Gemilang menyebut, adanya perubahan bentuk yang dilakukan para pemilik kendaraan dikarenakan tidak tersedianya kendaraan yang tepat untuk mengangkut muatan seperti kontainer.
Menurutnya, idealnya kontainer diangkut oleh truk trailer. Namun yang terjadi, banyak truk yang dasarnya truk engkel ditambah sumbu bannya sehingga menjadi tronton dan dianggap sudah mampu mengangkut kontainer.
Padahal, sambung Gemilang, tronton sendiri sistem pengeremannya tidak dilengkapi dengan chamber di depan dan belakang (seperti trailer) sehingga kemampuan rem untuk mengangkut muatan kontainer apalagi hingga 20 ton itu sangat riskan.
"Mestinya [tronton] itu bisa dirubah menjadi trailer yang penting dikasih izinnya, regulasinya merubah itu. Apalagi di sana itu di daerah Kalimantan itu kalau pakai trailer jalannya belum memadai. Itu banyak di sana sebagian besar masih menggunakan tronton. Jadi sudah ribuan mobil di sana yang seperti itu," ucapnya.
Lebih lanjut dia berharap pemerintah dalam hal ini Kementerian Perhubungan (Kemenhub) dapat mengeluarkan izin modifikasi truk tronton menjadi trailer. Sebab, bila pengusaha diharuskan membeli trailer yang baru harganya cukup mahal dan memberatkan.
Selama ini, imbuh dia, perubahan bentuk kendaraan dilakukan tanpa izin. Semua truk di Kalimantan dan Sumatra sebagian besarnya telah diubah.

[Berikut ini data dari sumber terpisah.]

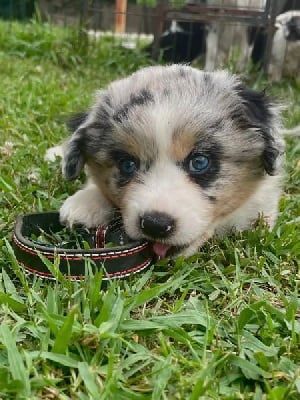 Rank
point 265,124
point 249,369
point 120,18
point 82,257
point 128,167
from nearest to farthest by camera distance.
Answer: point 249,369 → point 82,257 → point 128,167 → point 265,124 → point 120,18

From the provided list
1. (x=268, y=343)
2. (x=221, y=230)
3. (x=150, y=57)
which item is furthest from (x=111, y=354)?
(x=150, y=57)

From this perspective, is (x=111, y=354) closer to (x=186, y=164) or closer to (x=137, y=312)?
(x=137, y=312)

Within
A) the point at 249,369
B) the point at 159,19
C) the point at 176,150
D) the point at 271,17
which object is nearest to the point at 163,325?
the point at 249,369

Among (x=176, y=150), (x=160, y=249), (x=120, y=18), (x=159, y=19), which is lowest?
(x=160, y=249)

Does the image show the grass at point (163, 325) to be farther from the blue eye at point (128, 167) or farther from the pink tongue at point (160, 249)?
the blue eye at point (128, 167)

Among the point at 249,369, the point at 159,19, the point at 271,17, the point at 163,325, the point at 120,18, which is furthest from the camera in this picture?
the point at 120,18

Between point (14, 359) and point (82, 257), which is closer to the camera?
point (14, 359)

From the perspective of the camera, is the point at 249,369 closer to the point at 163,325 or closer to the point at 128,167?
the point at 163,325

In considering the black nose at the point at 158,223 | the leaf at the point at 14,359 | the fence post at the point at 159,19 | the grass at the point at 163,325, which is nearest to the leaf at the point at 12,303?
the grass at the point at 163,325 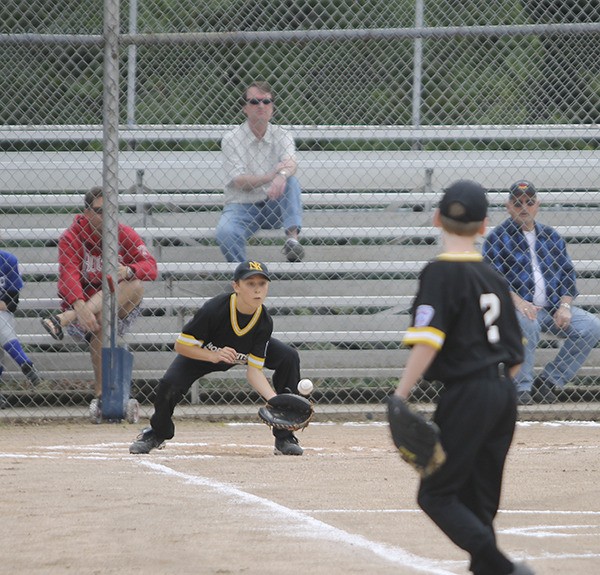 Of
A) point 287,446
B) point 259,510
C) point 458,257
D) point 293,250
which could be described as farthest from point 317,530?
point 293,250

"Mau diapain. Kalau mau beli trailer kan nggak punya duit. Semestinya kami boleh merubah [tronton] itu menjadi trailer. Jadi bisa dimodifikasi, supaya orang bisa patuh menggunakan trailer semua berilah izin. Ini kan nggak boleh izin modifikasi, beli baru kan kita nggak sanggup. Nanti keamanannya juga akan sama persis karena kan mobilnya sama cuma bak-nya aja yang dicopot dan diganti atau pasang trailer," ujar Gemilang.
Dia menambahkan, saat ini proses perizinan untuk modifikasi kendaraan harus melalui persetujuan Agen Tunggal Pemegang Merek (ATPM). Sayangnya, hal itu mustahil untuk terwujud.
Maka dari itu, menurut Gemilang harus ada regulasi yang jelas agar perubahan bentuk kendaraan ini tidak harus mengikuti prosedur yang sudah pasti tidak mungkin ditempuh seperti perizinan dari ATPM.
"Selama ini perubahan bentuk yang harus diajukan kepada pemerintah tetapi harus mendapat persetujuan dari ATPM. Itu sampai kapan pun nggak bakal dikasih. Ngapain gue kasih [izin] beli aja yang baru, begitu kata mereka," tutup Gemilang.